1. Set up the environment and import libraries

In [2]:
#hide
! [ -e /content ] && pip install -Uqq fastbook fastai duckduckgo_search
import fastbook
fastbook.setup_book()

In [3]:
#hide
from fastbook import *
from fastai.vision.widgets import *
from duckduckgo_search import DDGS

In [8]:
# helper function to help us download our dataset
def search_images(keywords, max_images=200): return L(DDGS().images(keywords, max_results=max_images)).itemgot('image')

2. Download the dataset: Search for grizzly, black, and teddy bear images, then download them into labeled folders. Note: the original images I used to train the model are included in the repo under the "bears" folder

In [5]:
bear_types = 'grizzly','black','teddy'
path = Path('bears')

In [None]:
bear_types = 'grizzly','black','teddy'
path = Path('bears')

#Downloads roughly 150 images for each bear type
if not path.exists():

    path.mkdir()
    for o in bear_types:
        dest = (path/o)
        dest.mkdir(exist_ok=True)
        results = search_images(f'{o} bear', 2)
        download_images(dest, urls=results)

3. Organize and verify the data: Ensure images are saved in the correct subfolders, and remove any failed or corrupted downloads.

In [None]:
fns = get_image_files(path)
fns

In [None]:
failed.map(Path.unlink);

4. Create a Datablock: Define how images are labeled, split into training/validation sets, and preprocessed.

In [None]:
bears = DataBlock(
    blocks=(ImageBlock, CategoryBlock),
    get_items=get_image_files,
    splitter=RandomSplitter(valid_pct=0.2, seed=42),
    get_y=parent_label,
    item_tfms=Resize(128))

5. Create a DataLoader: Use the DataBlock to create a DataLoader, which prepares the data for training.

In [None]:
bears = bears.new(
    item_tfms=RandomResizedCrop(224, min_scale=0.5),
    batch_tfms=aug_transforms(mult=4))
dls = bears.dataloaders(path)

6. Train and evaluate the model: Use a pre-trained model ( resnet18) to train the dataset.
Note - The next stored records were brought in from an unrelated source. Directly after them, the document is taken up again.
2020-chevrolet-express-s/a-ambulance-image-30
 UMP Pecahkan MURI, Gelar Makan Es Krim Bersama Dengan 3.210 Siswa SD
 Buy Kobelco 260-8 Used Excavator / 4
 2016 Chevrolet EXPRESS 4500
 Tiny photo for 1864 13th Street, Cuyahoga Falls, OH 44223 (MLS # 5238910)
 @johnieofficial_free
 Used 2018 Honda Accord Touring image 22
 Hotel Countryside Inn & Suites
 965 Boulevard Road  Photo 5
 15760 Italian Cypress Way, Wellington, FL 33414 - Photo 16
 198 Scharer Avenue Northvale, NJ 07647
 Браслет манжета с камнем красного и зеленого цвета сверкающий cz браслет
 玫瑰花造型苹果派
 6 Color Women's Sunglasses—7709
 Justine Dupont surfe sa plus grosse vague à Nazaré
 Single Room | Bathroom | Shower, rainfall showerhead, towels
Watch the results and check how well the model is performing as it learns.

In [None]:
learn = vision_learner(dls, resnet18, metrics=error_rate)
learn.fine_tune(4)

7. Export the trained model: This .pkl file contains the trained model and is what we’ll use to run inference in production on Hugging Face Spaces.

In [None]:
learn.export()

path = Path()
path.ls(file_exts='.pkl') # Should see a 'export.pkl' file